> **EXERCISE OBJECTIVE**:
Nothing should appear in the answer except the lines from the one with "Hrad Spiez, 1841" through the end of the listing below, transcribed exactly and without pictures.

> **INPUT DATA**:
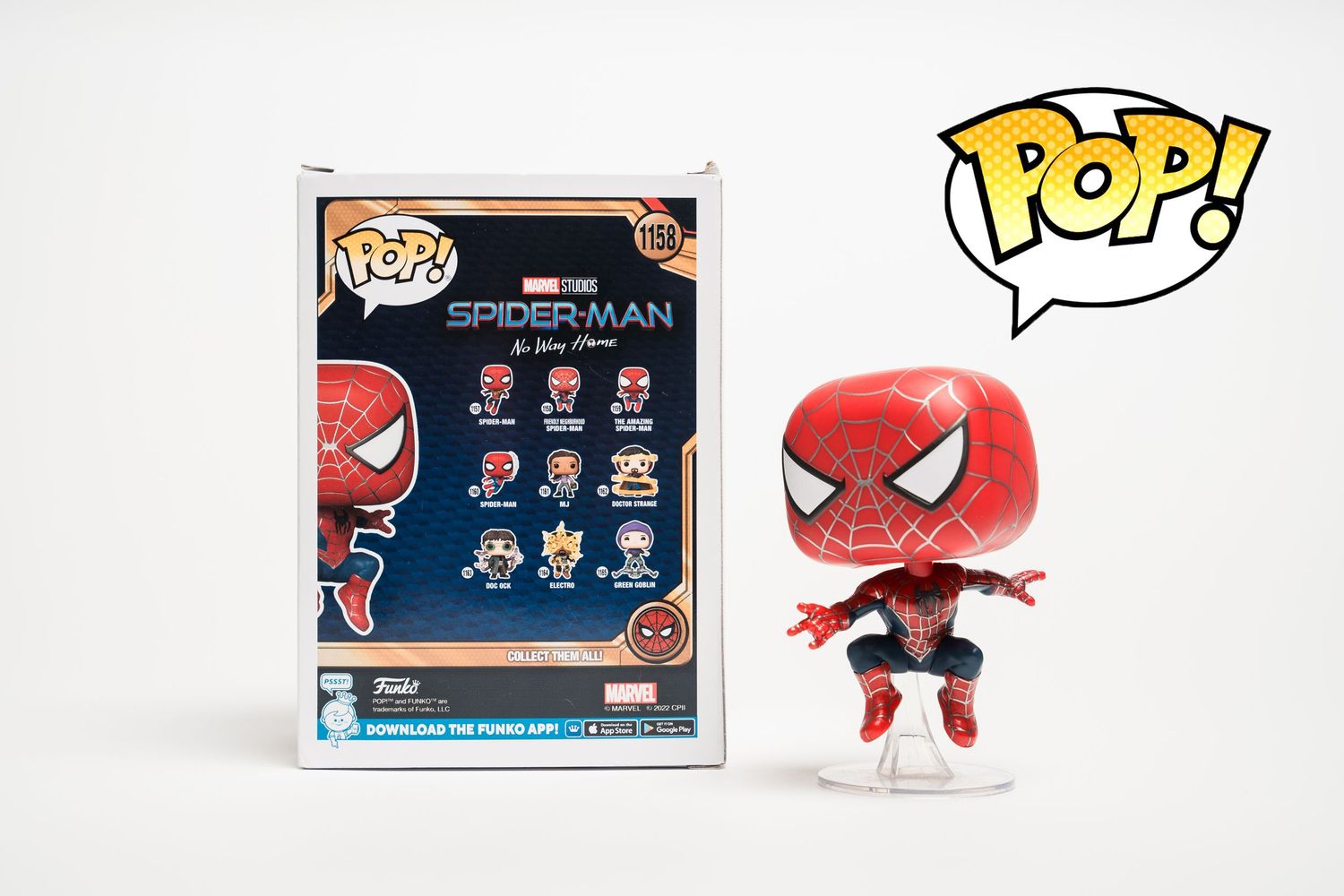 Multiple Spider-Man Funko Pop collectible figures displayed in retail packaging.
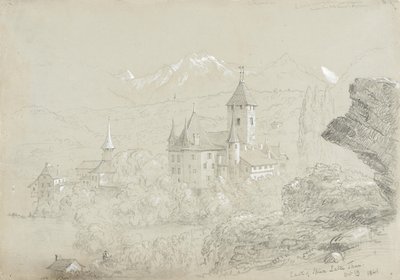 Hrad Spiez, 1841 (tužka a kvaš na šedozeleném papíře) od Thomas Cole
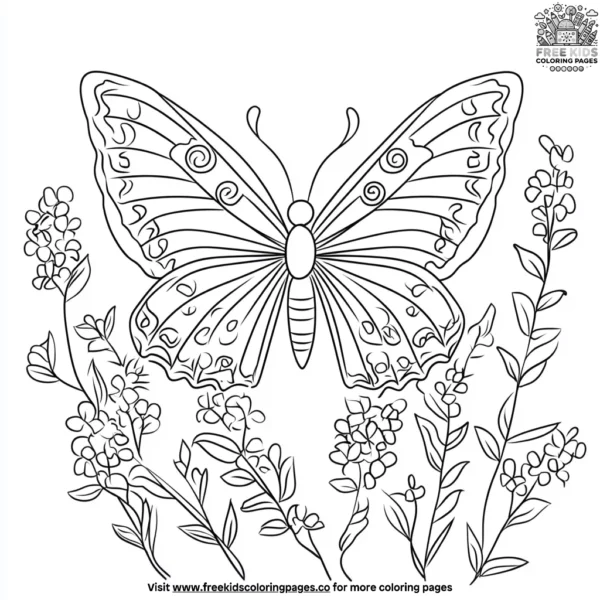 Beautiful butterflies coloring pages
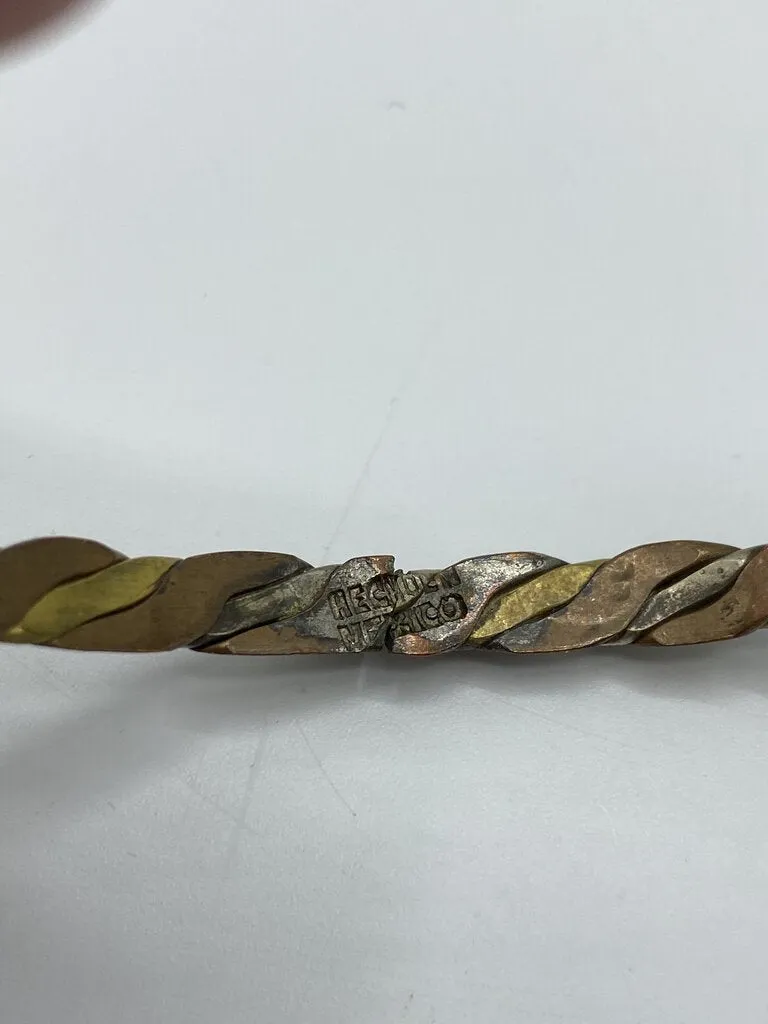 Boho Lot of Metal Bangle Braclets, Brass, Sterling, Copper 10 total /ro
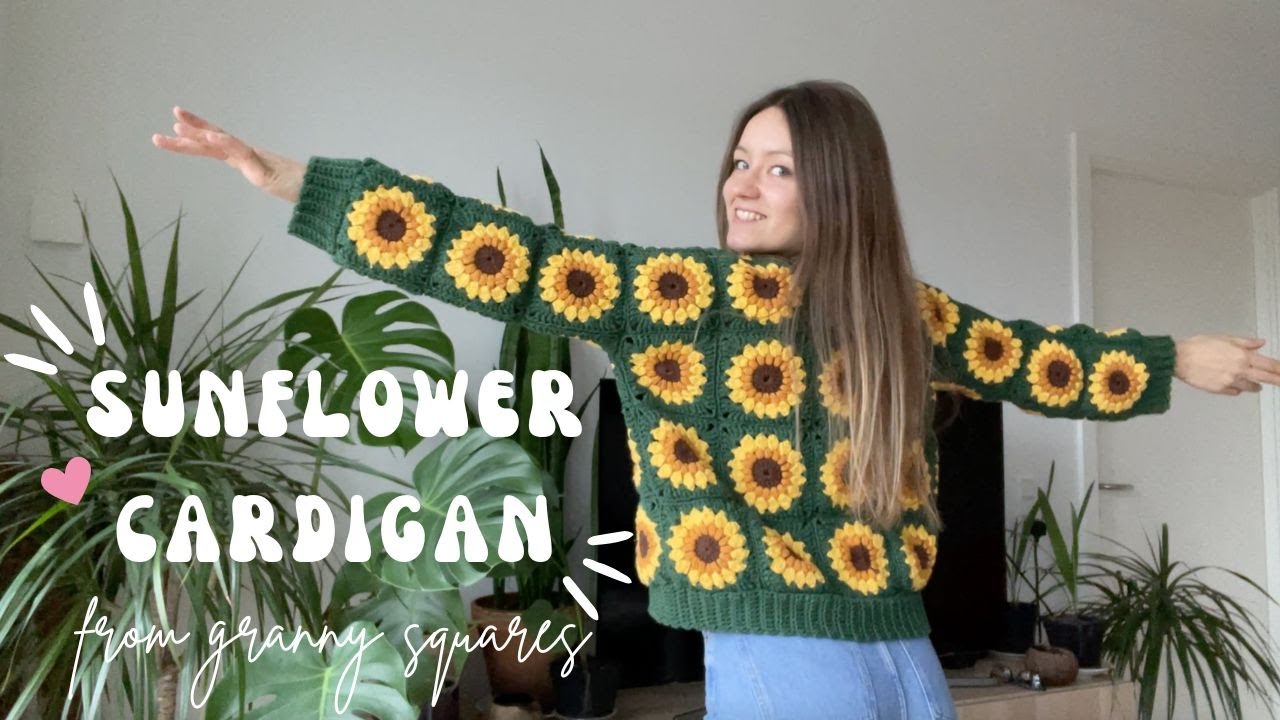 🌻 КАРДИГАН КРЮЧКОМ, СВЯЗАННЫЙ КРЮЧКОМ С ПОДСОЛНУХАМИ И БАБУШКИНЫМ КВАДРАТОМ | схема вязания крючк...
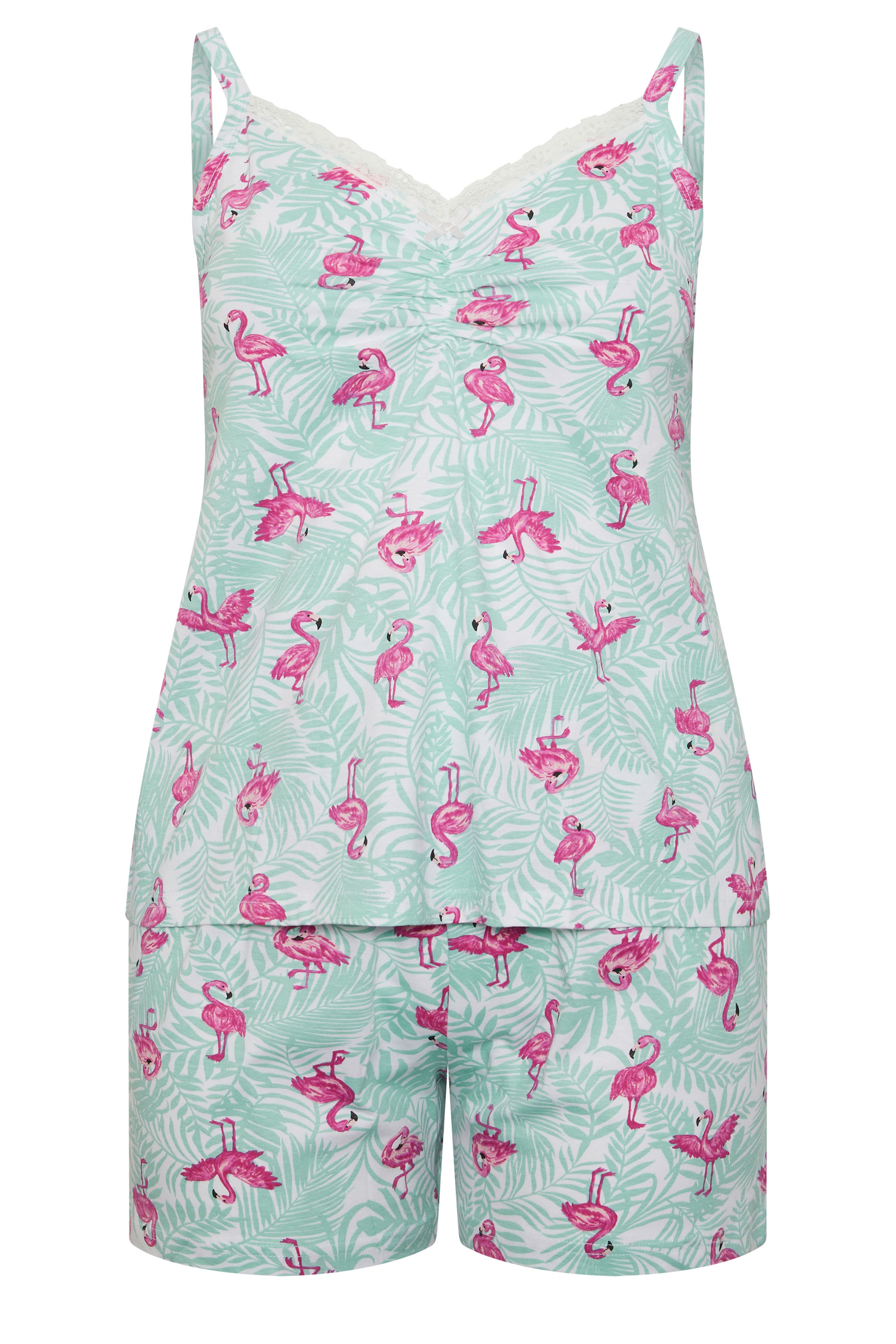 YOURS Plus Size Green Flamingo Print Pyjama Set | Yours Clothing 5
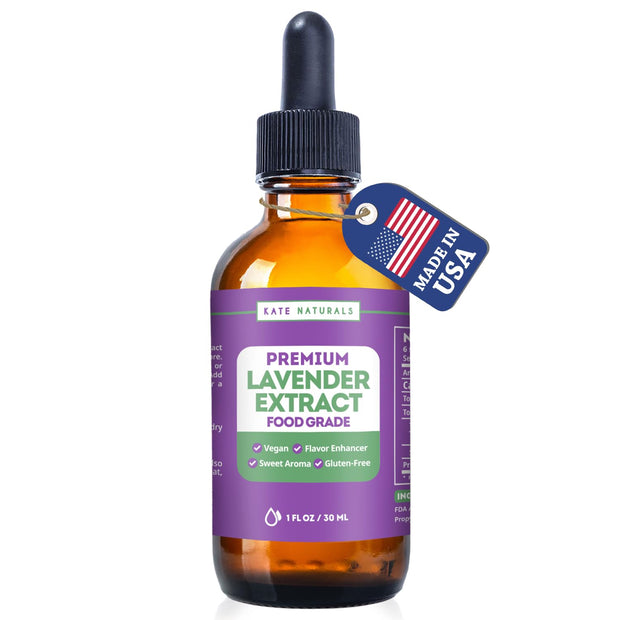 Kate Naturals Lavender Extract for Baking, Drinks, Coffee, Lattes. Food Grade Lavender Oil for Flavoring & Cooking (1oz, Sugar Free)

> **OUTPUT**:
 Hrad Spiez, 1841 (tužka a kvaš na šedozeleném papíře) od Thomas Cole
 Beautiful butterflies coloring pages
 Boho Lot of Metal Bangle Braclets, Brass, Sterling, Copper 10 total /ro
 🌻 КАРДИГАН КРЮЧКОМ, СВЯЗАННЫЙ КРЮЧКОМ С ПОДСОЛНУХАМИ И БАБУШКИНЫМ КВАДРАТОМ | схема вязания крючк...
 YOURS Plus Size Green Flamingo Print Pyjama Set | Yours Clothing 5
 Kate Naturals Lavender Extract for Baking, Drinks, Coffee, Lattes. Food Grade Lavender Oil for Flavoring & Cooking (1oz, Sugar Free)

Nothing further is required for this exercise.